Food – In survival terms, “Food” is a generic term that represents calories. It’s not that we need a cheeseburger for lunch, we need 800-1000 calories per day to maintain acceptable body functions. Variations depend on a person’s weight, level of activity during the emergency and their mental outlook (stress level). Employees performing light search and rescue operations in your building will burn more calories and therefore require more calories. This will also be true in low temperature environments where humans expend additional energy to maintain body heat. Most employees enjoy 3 meals a day in their normal daily routine; however, in survival mode they may be snacking more throughout the day to make their rations last. The easiest food rations to procure are high calorie food bars designed to be stored for up to 5 years. While all employees may not enjoy these bars, they will provide the needed calories for your employees to survive a 3 day emergency. To make the emergency more tolerable, you can consider more sophisticated rations such as “meals ready to eat” or “MREs.” These are available in various breakfast and dinner entrées as well as complete meals. Most are self-heating and you should make sure that the ones you select do not require additional water to heat the meals. This is important as you may not have the means to heat food, and water may be in short supply. Such meals could allow employees to get at least 2 “normal” meals per day and you can augment those with food bars for mid-day snacks if you like.
Shelter – Assuming your building has not been structurally compromised, it woul be possible to keep your employees within the structure or maybe a smaller section of the structure. As such, shelter from the elements would not be a concern. However, if power has been lost, you may need to consider supplies to keep your employees warm and somewhat comfortable at night while asleep. Items such as limited use survival blankets and sleeping bags could prove useful. A greater problem is keeping your employees at the office when the structure is not suitable for occupancy. This exposes them to the environment and there are a myriad of shelter problems that should be considered. An initial plan would be to coordinate with adjacent businesses or other suitable structures (e.g., church, warehouse, etc.) that your employees may share during an emergency. Another unaffected building on your campus may also be an option. In lieu of an alternate structure, you will need to consider portable shelters or tents (with walls if your location is susceptible to cold weather), cots, tarps, and portable heaters, lighting and power.
Communication – It is critical during any emergency to have access to the Emergency Alert System (EAS) to keep you informed as to the status of the emergency.

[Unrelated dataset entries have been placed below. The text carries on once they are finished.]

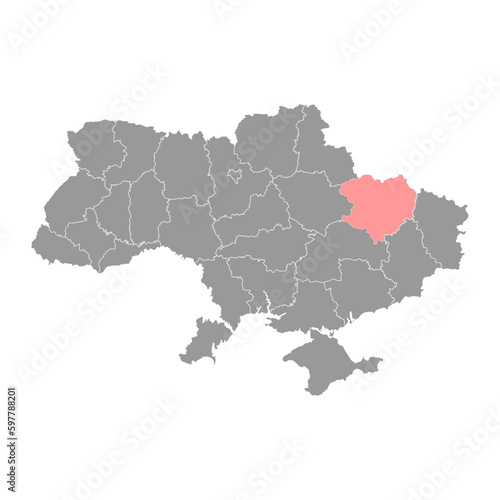 Kharkiv Oblast map, province of Ukraine. Vector illustration.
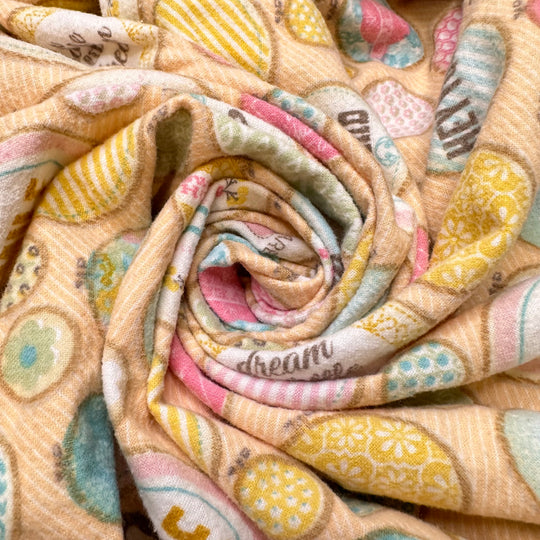 Free-Motion Embroidery - Cotton Blend Woven - Light Orange Multi Embroidery Hoops - 2.4M Bundle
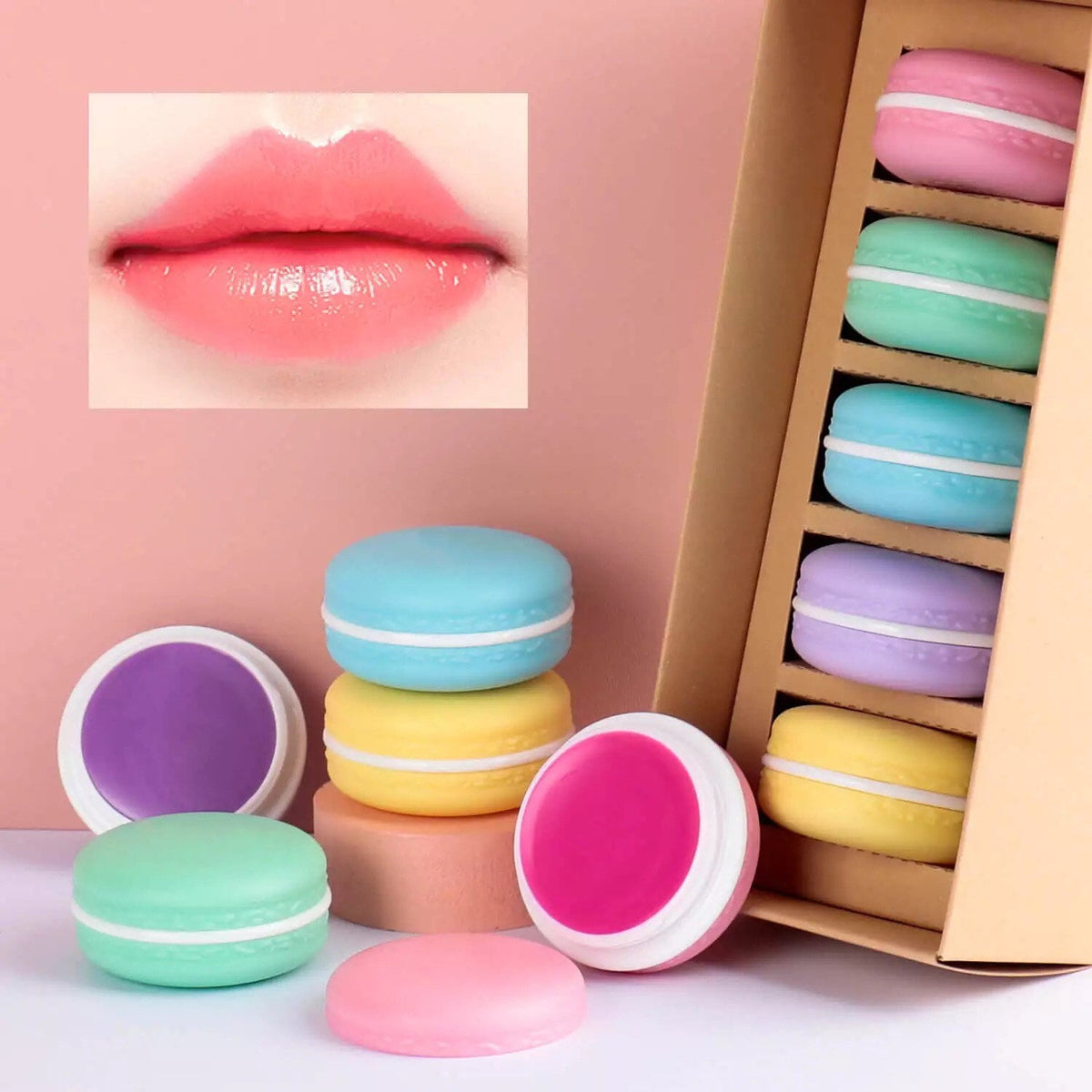 MCustom Cute Macarons Kiddie Hydrating Lip Repair Lip Balm 250 pcs (5 pcs Set)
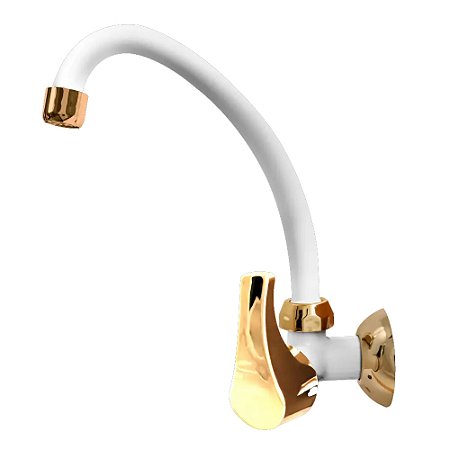 Torneira Cozinha Acquafam Parede Fame Branca Dourado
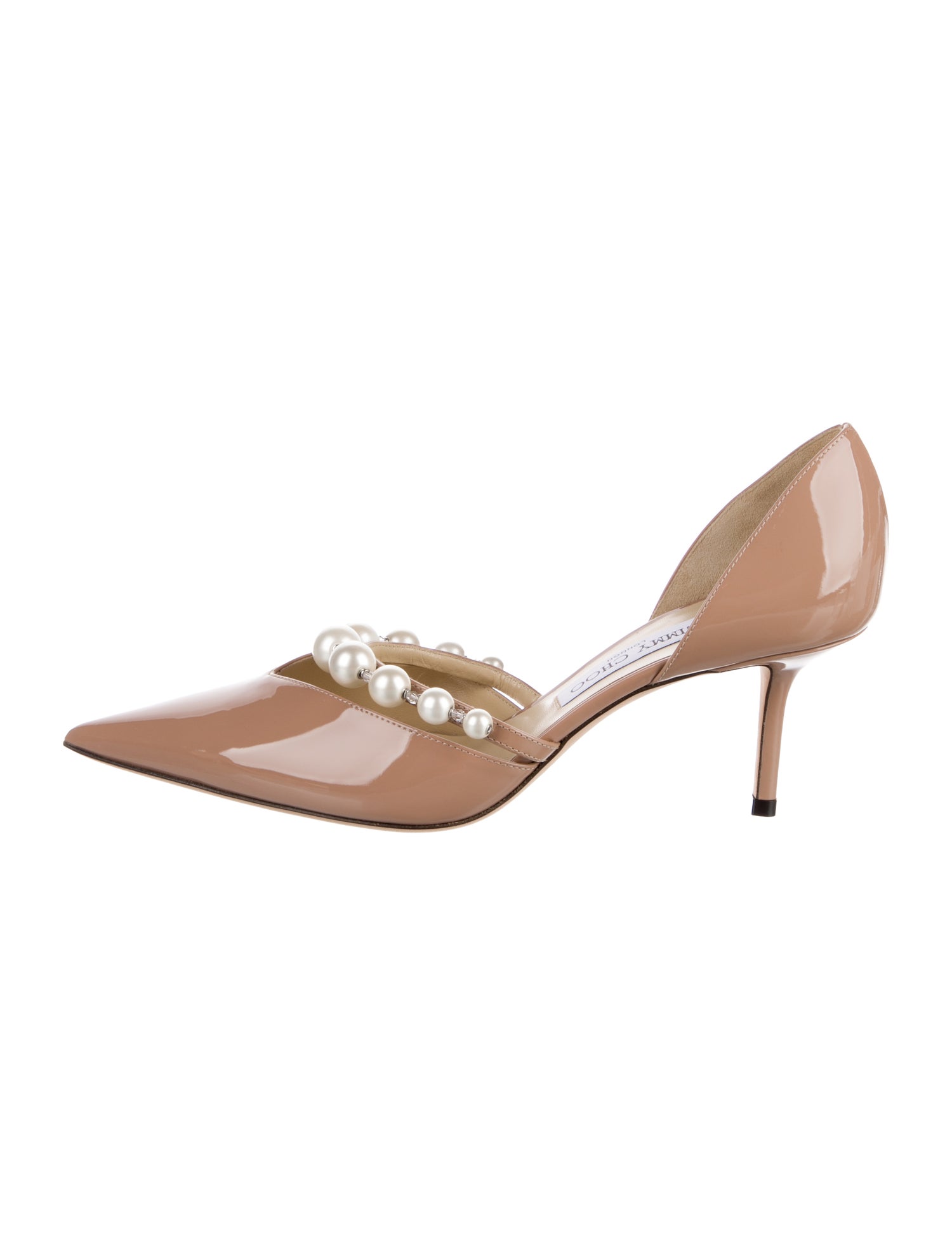 Jimmy Choo Faux Pearl Accents Patent Leather D'Orsay Pumps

If land-line and cell phones are inoperable and power outages restrict radio, television and Internet access, you need a way to stay informed. Here is where a hand wind-up AM/FM radio becomes very valuable. Even without electricity or batteries you can listen to stations still able to broadcast via the EAS. Obviously, not everyone needs a radio, but having access to updated information will help to put employees at ease. The number of radios you should have depends on the total number of employees sheltered, number of floors, size of your office or number of buildings on your campus. In general, having one radio for every 20-40 employees is a good estimate.
Hygiene/Sanitation – This should not be a concern unless you have lost the water supply to the lavatory facilities in your building. In which case, you now need to consider a backup waste collection system and provide some means for employees to maintain their personal hygiene and prevent the spread of germs. Portable wash stations and toilets are readily available and fairly inexpensive to rent; however you would have to have these resources placed at your facility in advance of an emergency and they are bulky. Other less expensive options include portable folding toilets with waste bags or 5 gallon buckets with toilet seats and waste bags.